From Cadfil the 'Tube Stress Analysis' menu option should be selected from The 'Utilities' menu. The user interface is very simple and consists of a single window dialog box as show below. There are four groups of dialog controls, Material properties, Loads, Geometry and the Action buttons which are described below.
The left column has the 11 material properties, first there are four material stiffness parameters (engineering constants), these are properties for the Unidirectional (a single fibre direction) composite.
Ex is the modulus in the direction of the fibre. This properties is largely governed by the fibre properties.
Ey is the transverse modulus, that is the stiffness in the direction at 90 degrees to the fibre direction. This property is largely governed by the resin as that is what holds the fibres together.

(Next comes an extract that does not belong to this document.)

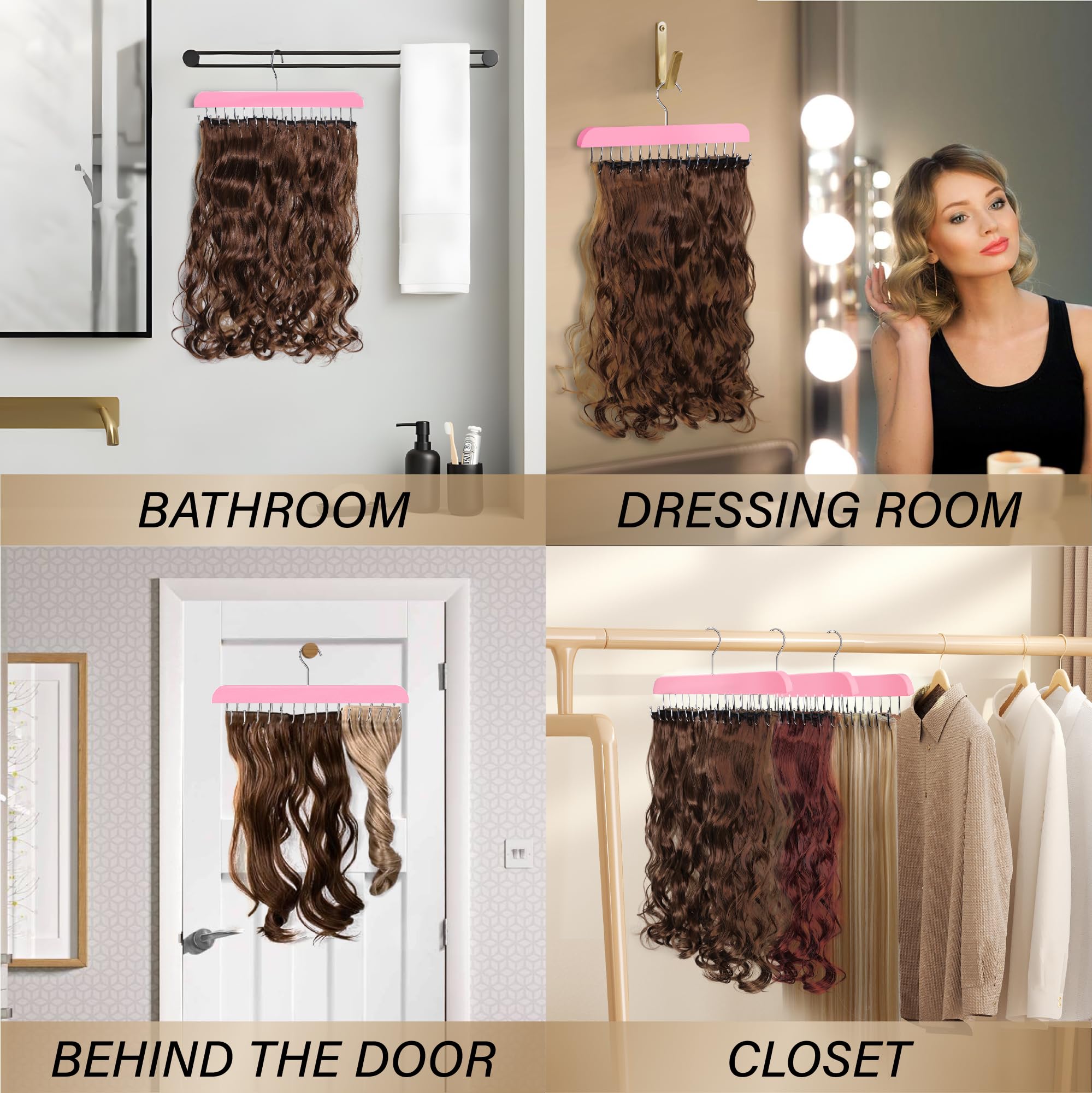 AIHOPESTO hanger loaded with multiple wefts showing space-saving organization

vx the Poisson's Ratio in the fibre direction
G is the shear Modulus
The modulus properties are measured in Pascal Pa (N/m2), the Poisson's ratio is dimensionless.
Fibre Volume fraction is the percentage (by volume) of the composite that is fibre. This is not currently used in any analyses but
it is useful to keep this value in mind as if your actual volume fraction is significantly different then the other material properties
are likely to be not representative data for your material.

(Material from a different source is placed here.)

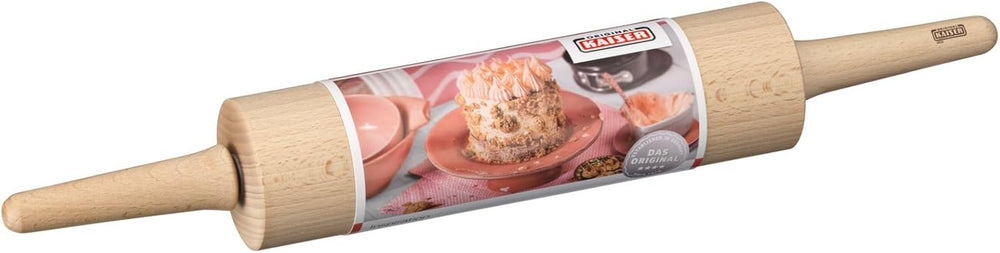 Original Kaiser Rouleau à pâtisserie classique 47 x 6,5 cm, rouleau à pâte, rouleau à pâtisserie, bois de hêtre, roulement lisse, large surface de roulement, beige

Density Ro is the density of the composite measured on kg/m3, this is used to calculate the mass off the pipe and is also important for the natural frequency calculation (for example if the tube is a drive shaft and might whirl).
The then follow 5 strength parameters for the Unidirectional composite
Tx - Is the tensile strength in the fibre direction
Cx - Is the compressive strength in the fibre direction
Ty - Is the tensile strength in the transverse direction
Cy - Is the compressive strength in the transverse direction
SS - Is the shear strength
The strength parameters are all specified in Pa (N/m2). A good introduction to the strength and analysis of composite materials and a more detailed explanation of the unidirectional material parameters can be found in . It cannot be stressed strongly enough that any analysis is worthless if the material data is not representative. Different fibres, resin, volume fraction and processing conditions can give rise to entirely different properties. Also, you need to be mindful of the environmental conditions of the item you are designing as some material properties can be significantly influenced by factors such as temperature and humidity. There is no substitute for actually measuring the properties of the materials you are using under your own processing conditions. There is a good review of test methods and test standards for measuring the required properties of filament wound materials to be found in chapter 8 of .

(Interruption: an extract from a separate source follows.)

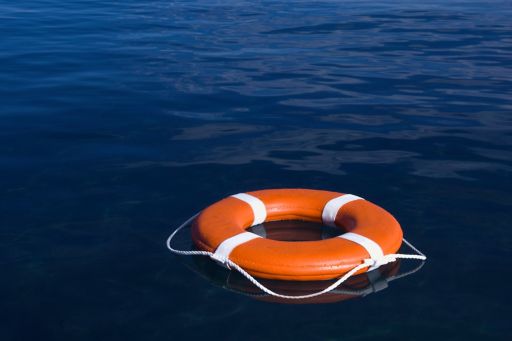 Life buoy floating in the sea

You will note that there is a 'pull down' box at the top of the left hand column that allows material data to be selected from a database. If you want to use your own material data you will need to add it to the material database. This a is simple file in CSV (comma separated value) format that is best modified in Microsoft Excel or some other spread sheet program. The database is found in the Cadfil installation folder (usually called C:\Cadfil\cadfil7xx) and has the name cadfil_material_data.csv. The database has three types of data Fibre data, resin data and composite data. Fibre and resin data can be used in the creation of winding programs, the tube stress program is only interested in the "composite" data and ignores all other data in the file. The format for a composite unidirectional material record is "Composite", "UD_mate", description, Ex, Ey, vx, G, Vol frac, Density, Tx, Cx, Cy, SS. The first item in this case the word 'Composite' is in column A, the text 'UD_Mate' in column B, a description or name for the material (up to 80 characters long) in column C. The next 11 columns have the material values as described above. If you edit or modify the file remember to save it as csv format not excel format.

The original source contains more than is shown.